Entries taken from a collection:
== Segment start ==
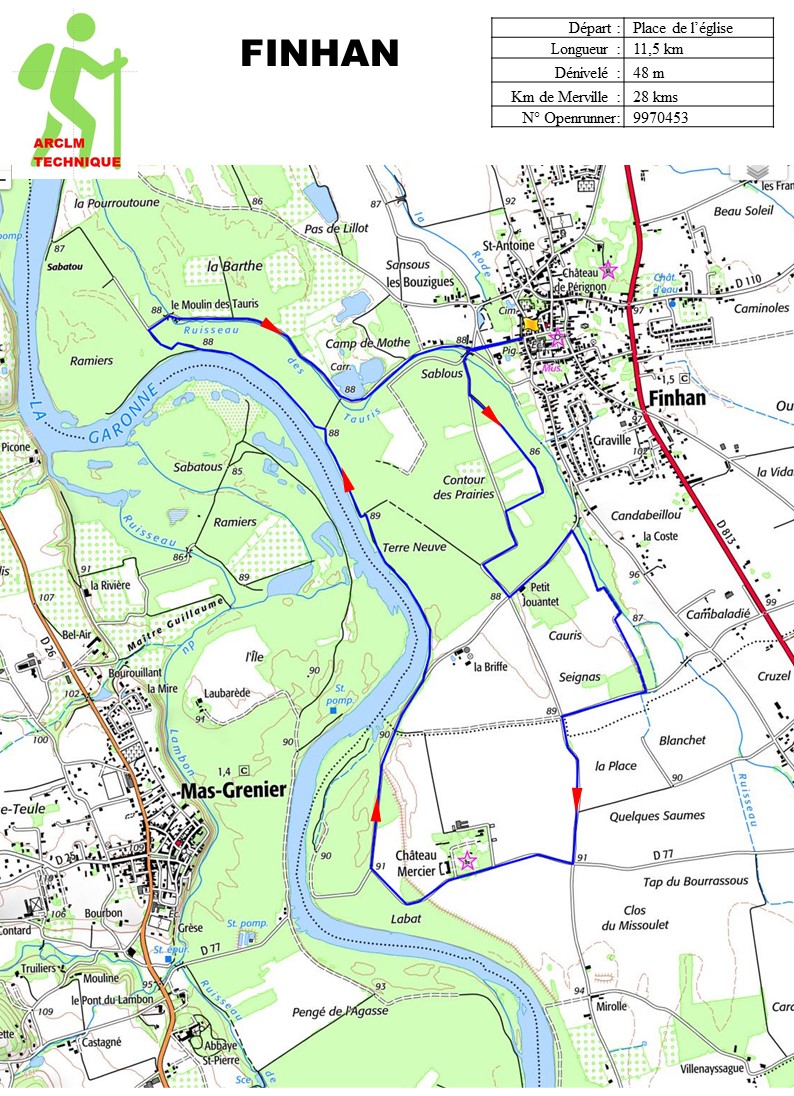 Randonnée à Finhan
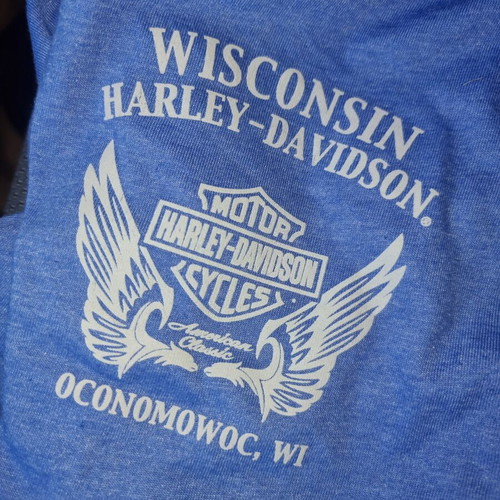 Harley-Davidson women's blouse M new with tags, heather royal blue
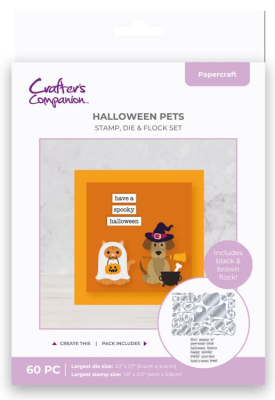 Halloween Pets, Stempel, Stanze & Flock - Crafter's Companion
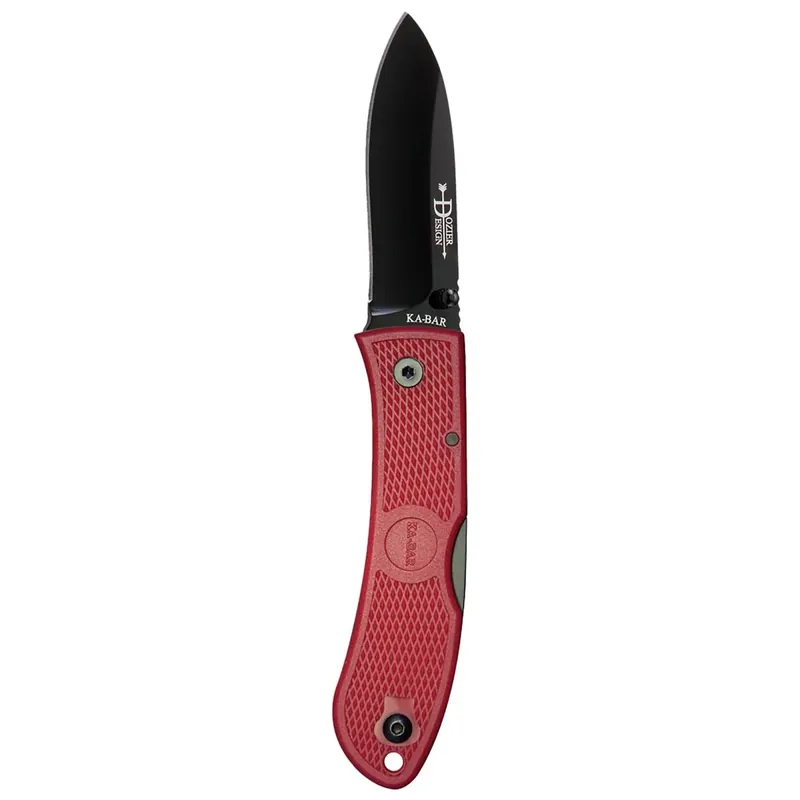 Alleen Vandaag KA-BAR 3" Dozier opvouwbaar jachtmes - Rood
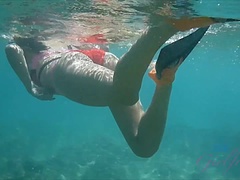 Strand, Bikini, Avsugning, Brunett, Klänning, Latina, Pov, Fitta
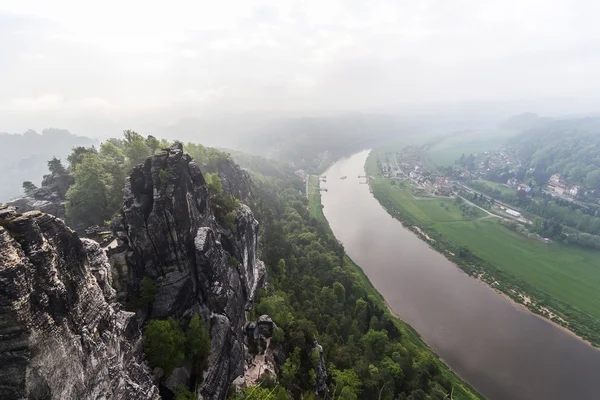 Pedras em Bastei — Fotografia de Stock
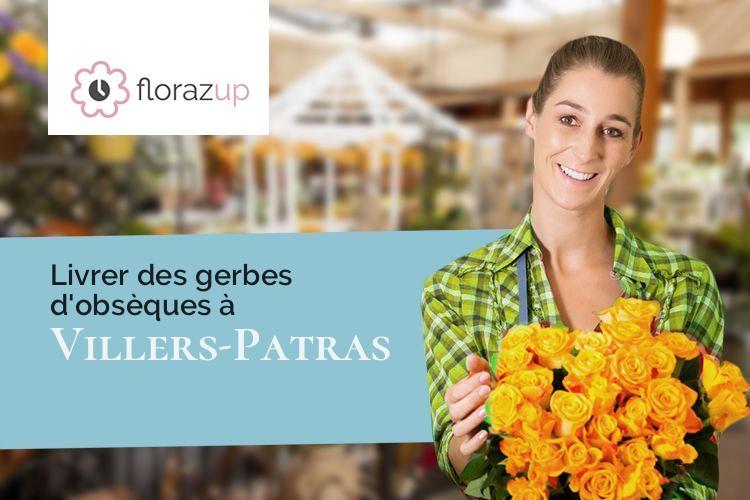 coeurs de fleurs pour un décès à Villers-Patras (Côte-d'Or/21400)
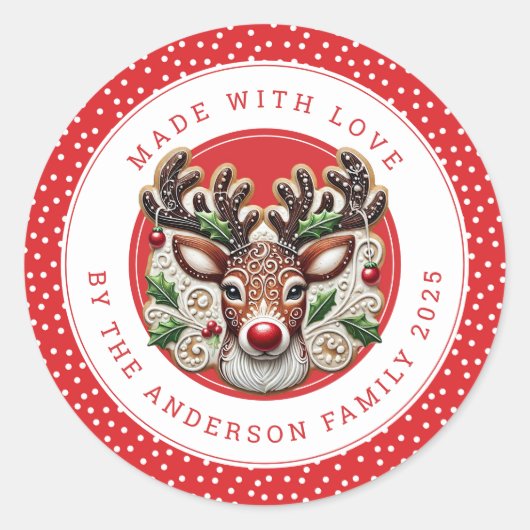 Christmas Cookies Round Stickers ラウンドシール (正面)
== Segment end ==
§ Exercise aim:
Set the data above down again exactly as given, with no pictures.

§ Answer space:
 Randonnée à Finhan
 Harley-Davidson women's blouse M new with tags, heather royal blue
 Halloween Pets, Stempel, Stanze & Flock - Crafter's Companion
 Alleen Vandaag KA-BAR 3" Dozier opvouwbaar jachtmes - Rood
 Strand, Bikini, Avsugning, Brunett, Klänning, Latina, Pov, Fitta
 Pedras em Bastei — Fotografia de Stock
 coeurs de fleurs pour un décès à Villers-Patras (Côte-d'Or/21400)
 Christmas Cookies Round Stickers ラウンドシール (正面)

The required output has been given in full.